While classical genetics is concerned with how genes in our DNA affects inherited traits, genomics is concerned with how all genes in our DNA affect traits and biological processes.
What is a genome?
A genome is a copy of all of the DNA in an organism. It represents every gene and mutation that contributes to the traits of that individual.
What is a gene?
A gene is the fundamental inherited genetic unit. Genes encode proteins which comprise the molecular machinery and materials that make the human body.
How is a genome different from a gene?
A genome is a collection of genes as well as other "non-coding" DNA.
What is a chromosome?
In basic terms, a chromosome is long string of deoxyribonucleic acids (DNA). Zooming to a higher level, the chromosome is organized into genes (coding regions) and regions between genes (non-coding regions). The human genome has 23 pairs of chromosomes. Additionally humans carry mitochondria, which have their own genome (mtDNA). While the mitochondrial DNA is not counted in the 23 pairs of human chromosomes, it is considered part of the human genome and mutations in mtDNA cause a number of human diseases . The mitochondrial chromosome is the basis of this web site
What is a mutation?
A mutation is a difference in the DNA from a reference genome (often referred to as "wild type"). Genes within our DNA are the blueprints for the physical structures that comprise our bodies. When these instructions are randomly changed, they may not function as expected (think of a remote control that is missing a random button) and can cause a disease state.
What is meant by clinical severity?
Clinical severity or clinical significance refers to a classification system that conveys the effect of a mutation (benign, or pathogenic) on health as well as the quality of the evidence supporting that assertion (unknown, likely or known). ClinVar presents these classes here; note that "known" is not explicitly declared in this schema.
Where can I learn more about genomics?
There are many resources to learn about genomics. The following resources will help the reader gain a broad understanding of genomics.
This page presents genetic data and associated disease risks for a diverse set of more than 1400 people. The data is a combination of sequencing data from the 1000 genomes project and clinical designations listed in the national (U.S.) clinical variations repository ClinVar .What you see is a small subset of the DNA in the human body. In particular these data are from the mitochondrial genome, and organelle that serves as the body's power plant.
How do I use this page?
The page is split into three main panels: population, disease, and mutations.
Population
Birds-eye-view of genetic differences across global populations. Mutations with disease associations are coded in red. Mutations often segregate with ethnic group. Explore the distribution of disease associated mutations in specific populations by clicking buttons on top of the population panel.
Disease
Displays total and subpopulation frequency of mutations associated with a specific disease. You can get an idea of how prevalent mutations for a specific disease are. By clicking a bar or label for an associated disease you can drill down further and go to the mutations panel.
Mutation
Shows mutations associated with a single disease as tree. Mutations are represented as terminal nodes in the tree. The disease view allows linking out to more detailed resources about mutations or specific diseases.
What about the rest of the data?
Genome data is large and complex with the human genome 3 billion base pairs and ~20,000 genes. Because we wanted focus on designing a usable visualization we chose to focus on a subset of the human genome in this first generation of the site. Our visualization represents a subset of the data available from the 1000 genomes project , focusing on about half of the ~2500 people and on the 16,000 base pair mitochondrial genome. Also we have removed mutations (chrMT-1438-G (95% of samples) chrMT-15326-G (99% of samples) that were clearly the dominant version of the gene and should be considered wild-type . Finally because this visualization is focused on exploring the association between a mutation and its disease risk, we only present data with CLinVar listed classifications of: "benign", "likely benign", "pathogenic" and "likely pathogenic".
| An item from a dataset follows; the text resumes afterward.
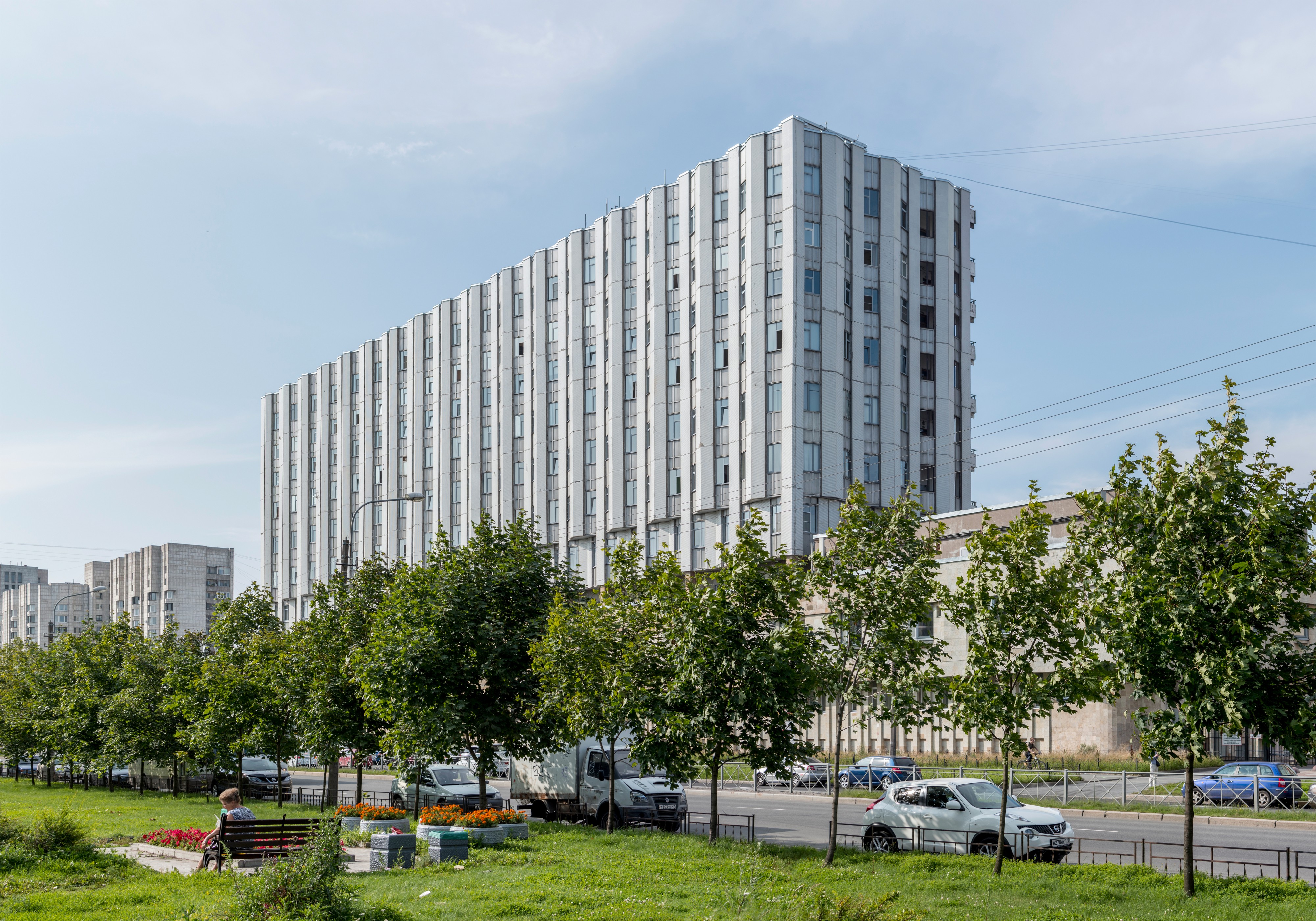 Metro SPB Administration Building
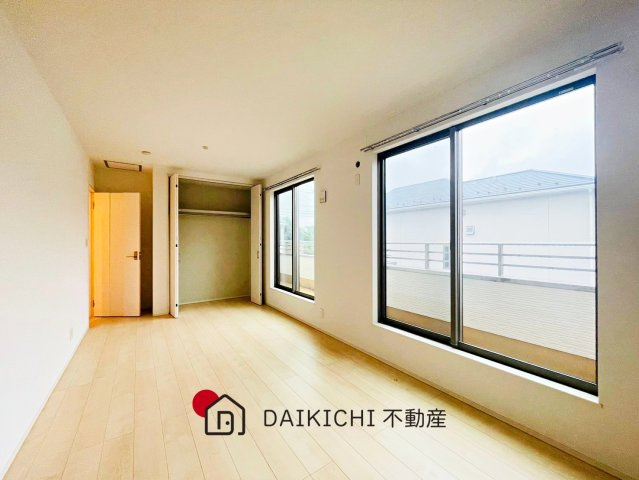 【洋室】 | 桶川市坂田　中古戸建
It is hard to interpret the heatmap- how should I explore the visualization?
Think of the heatmap as an overview of many people's mitochondrial genomes. You can see each genome as a row and the 110 mutations shown here as columns. In addition, mutation columns are arranged by disease so for example you can see the left portion of the graph shows pathogenic mutations associated with breast cancer.
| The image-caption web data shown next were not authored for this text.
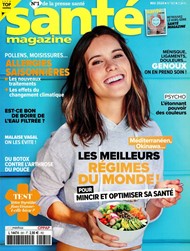 Santé Magazine  n° 581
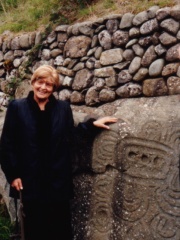 Photo of Marija Gimbutas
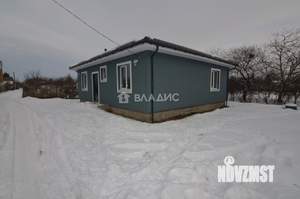 Дом 100м², 1-этажный, участок 5 сот.  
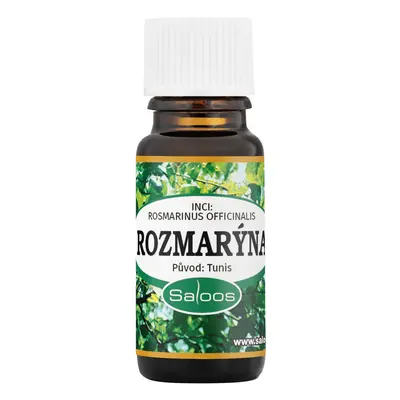 Saloos Rozmarýna 10 ml | Esenciální oleje Salus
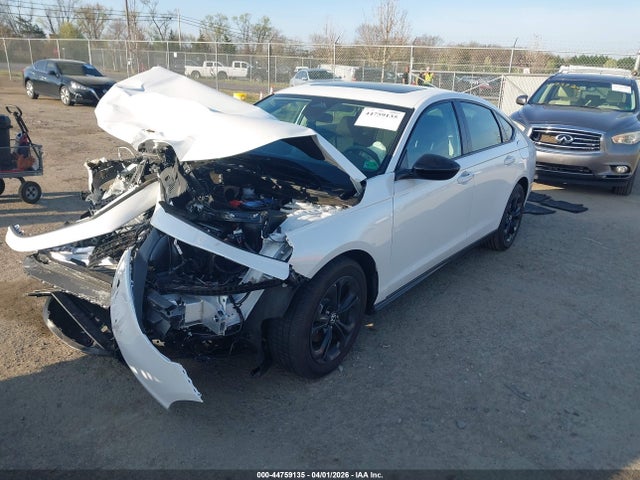 Продажа на аукционе авто 2025 Honda Accord Se, vin: 1HGCY1F49SA060699, номер лота: 44759135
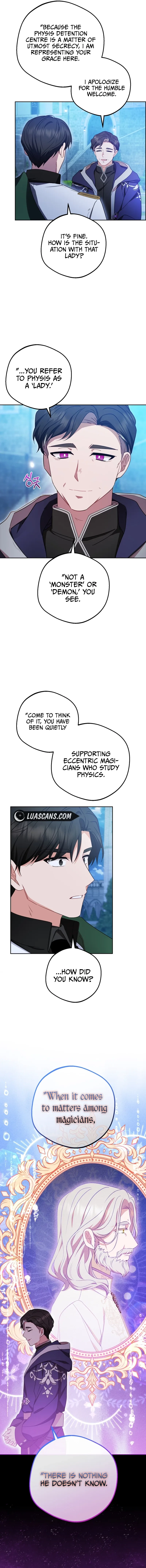 The Villainess Is Shy In Receiving Love Chapter 61 page 11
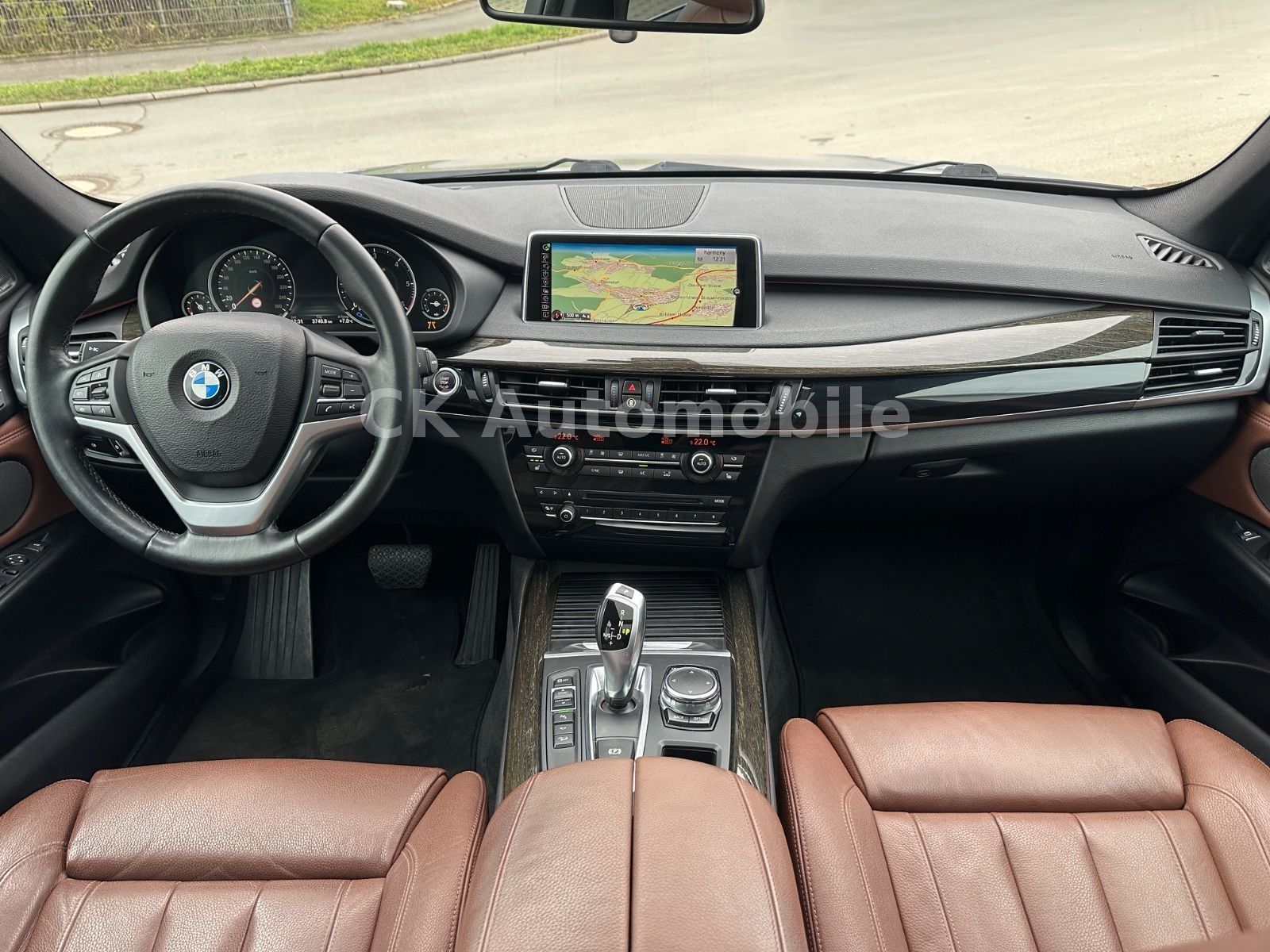 Fahrzeugabbildung BMW X5 xDrive30d/Navi/Head-Up/Pano/360°Kam/AHK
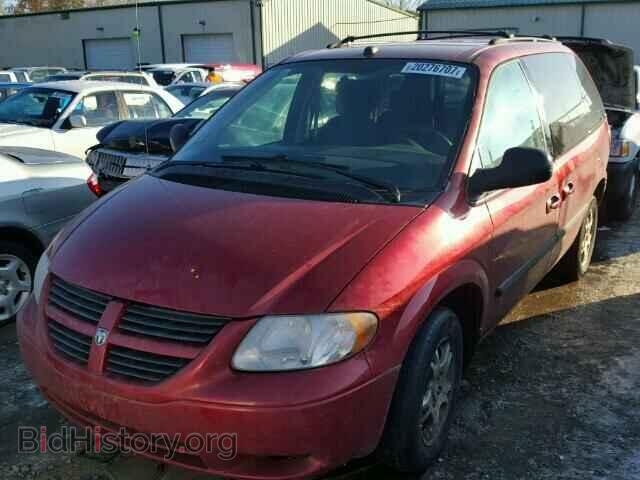 2005 DODGE CARAVAN - VIN: 1D4GP45R65B280837 - Фото 2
What does chrMT-XXXX-X mean?
This is the district code that this web page uses for each mutation. It represents the:
1) Chromosome
2) Position of the mutation on the chromosome (in base pair number)
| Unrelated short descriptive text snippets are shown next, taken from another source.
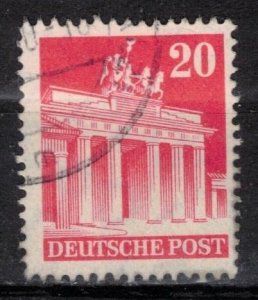 Germany - Allied Occupation - American Zone - Scott 646a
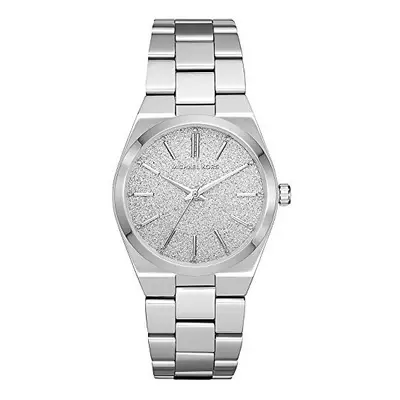 Michael Kors MK6626 - Channing Silver One Size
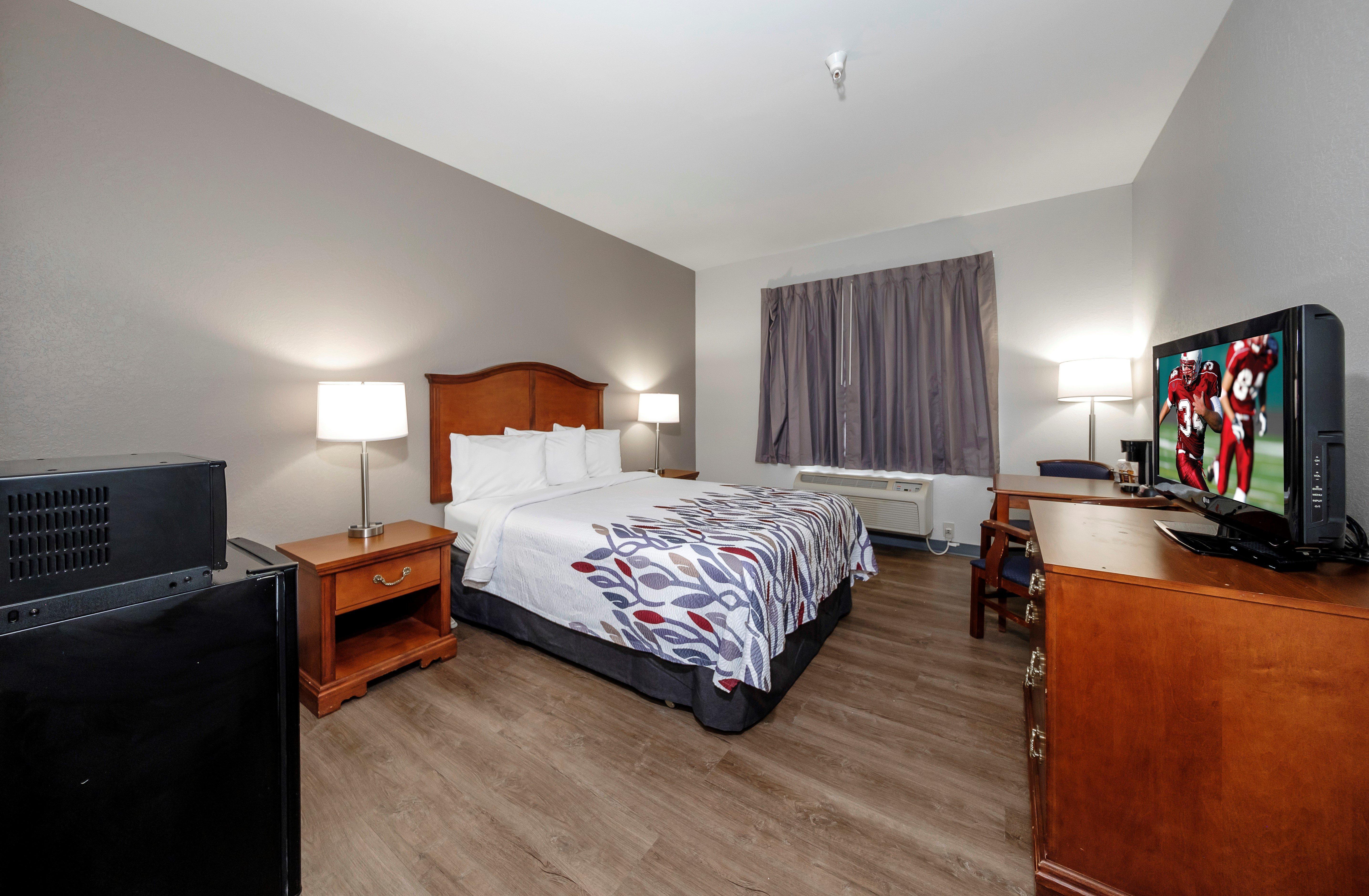 Red Roof Inn & Suites Carrollton, Ga - West Georgia Eksteriør bilde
3) The variant nucleotide (base pair)
For example, chrMT-235947-A means that the mutation is found on the mitochondrial chromosome at the 235,947th base pair, and Adenine (A) is found instead of the reference base.
Do mutations mean I will contract the disease associated with that mutation?
Any mutation functions as part of a the complex system that is the human body. Because of this it is hard to say that having a mutation for a specific disease will lead to that disease. Instead of thinking of the effect of a mutation as absolute think of it as changing the odds of developing a particular disease state.